Web Scraping with the Zyte API

Zyte is a data extraction platform, useful for web scraping and data processing at scale. It’s intended to simplify data collection and, based on my experience certainly does!

The extensive API documentation is a good place to start. There were three services that were of particular interest to me:

Each of these has a place in different workflows. I’ll dig into them below.

Why Zyte?

But first it’s worth considering why one would use a service like Zyte. Here are the ones that are relevant to me:

  1. efficiency and scale (infrastructure to allow a high volume of requests)
  2. bypassing challenges (handles CAPTCHAs and IP bans) ⭐
  3. browser automation (no need to run Selenium, Playwright or the like locally) ⭐
  4. data extraction (results in JSON rather than HTML)
  5. compliance (avoid legal issues or running foul of terms of service)
  6. proxies!

I’ve highlighted the most important items for me. Services like Cloudflare that throw up browser challenges can be rather belligerent. And it can also tedious to use browser automation to simply retrieve page content. The Zyte API has saved me a lot of time with challenging targets and helped me build simpler and more robust scrapers.

We’re going to try to extract price data from the UnivarSolutions site.
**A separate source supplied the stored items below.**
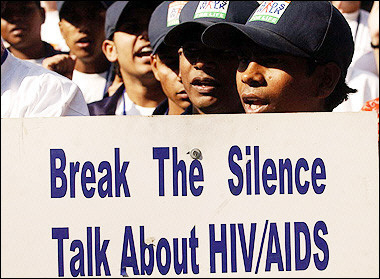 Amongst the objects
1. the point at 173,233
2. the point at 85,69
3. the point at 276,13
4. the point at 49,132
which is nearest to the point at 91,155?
Result: the point at 49,132

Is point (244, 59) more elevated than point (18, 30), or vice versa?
point (18, 30)

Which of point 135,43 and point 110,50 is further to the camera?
point 110,50

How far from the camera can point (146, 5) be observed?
3.83 meters

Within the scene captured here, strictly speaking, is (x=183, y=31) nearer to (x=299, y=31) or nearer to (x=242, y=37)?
(x=242, y=37)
This is an instructive target since the site is being served via Cloudflare.

UnivarSolutions product page for Diethylenetriamine.

Furthermore, some of the key content on the site is rendered via JavaScript. Below is the site with JavaScript disabled.
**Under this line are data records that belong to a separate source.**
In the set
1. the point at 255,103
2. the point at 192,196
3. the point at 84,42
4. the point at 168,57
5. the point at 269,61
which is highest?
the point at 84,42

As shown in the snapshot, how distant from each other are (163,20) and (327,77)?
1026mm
UnivarSolutions product page for Diethylenetriamine with JavaScript disabled.

None of the important pricing information is available. Since this is likely the most compelling information on the page it will determine our approach to scraping.

API

In most cases you need to simply send a POST request to the https://api.zyte.com/v1/extract endpoint. You need to provide an API key for authentication. Actions are specified via the payload, which includes the target URL and the details of what you want done.

Direct Approach

Let’s see what happens when we send a GET request directly to the target URL.

import logger
import httpx
from bs4 import BeautifulSoup

URL = "https://www.univarsolutions.com/diethylenetriamine-3275000"

response = httpx.get(URL)

logger.info(f"Status code: {response.status_code}.")
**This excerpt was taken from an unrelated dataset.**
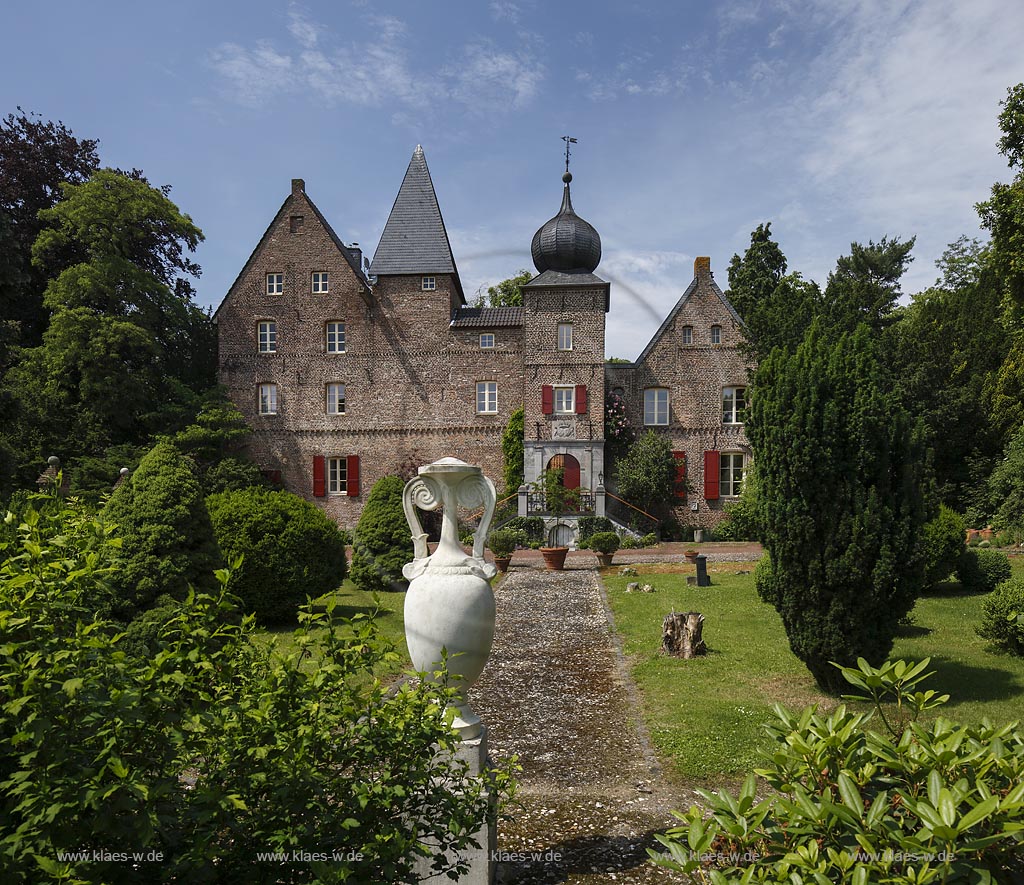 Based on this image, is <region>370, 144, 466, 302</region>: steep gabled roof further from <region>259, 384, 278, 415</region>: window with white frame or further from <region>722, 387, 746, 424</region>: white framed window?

soup = BeautifulSoup(response.content, "html.parser")

title = soup.select_one("title")
logger.info(f"Title: {title}.")

Here’s the output.

2025-01-19 06:08:32,609 [   INFO] Status code: 403.
2025-01-19 06:08:32,611 [   INFO] Title: <title>Just a moment...</title>.

The (Forbidden) status code indicates that the request has been blocked. And the “Just a moment…” page title suggests that the response contains a JavaScript challenge. Ah, Cloudflare! 🚧 Clearly this is going to be an uphill battle!

HTTP

If you’re scraping a static site or hitting an API then you only need to send a simple HTTP(S) request. You do this by setting the "httpResponseBody" key in the request payload.

import logger
import os
import httpx
from base64 import b64decode
from bs4 import BeautifulSoup

ZYTE_API_KEY = os.getenv("ZYTE_API_KEY")

URL = "https://www.univarsolutions.com/diethylenetriamine-3275000"

response = httpx.post(
    "https://api.zyte.com/v1/extract",
    auth=(ZYTE_API_KEY, ""),
    json={
        "url": URL,
        "httpResponseBody": True,
        "httpRequestMethod": "GET",  # (default)
    },
)

logger.info(f"API status code:  {response.status_code}.")

# RESPONSE PAYLOAD =============================================================

payload = response.json()

url = payload.get("url")
status_code = payload.get("statusCode")

logger.info(f"Site status code: {status_code}.")
logger.info(f"URL: {url}.")

body = payload.get("httpResponseBody")
#
if body:
    html = b64decode(body).decode("utf-8")

    soup = BeautifulSoup(html, "lxml")

    title = soup.select_one("head > title")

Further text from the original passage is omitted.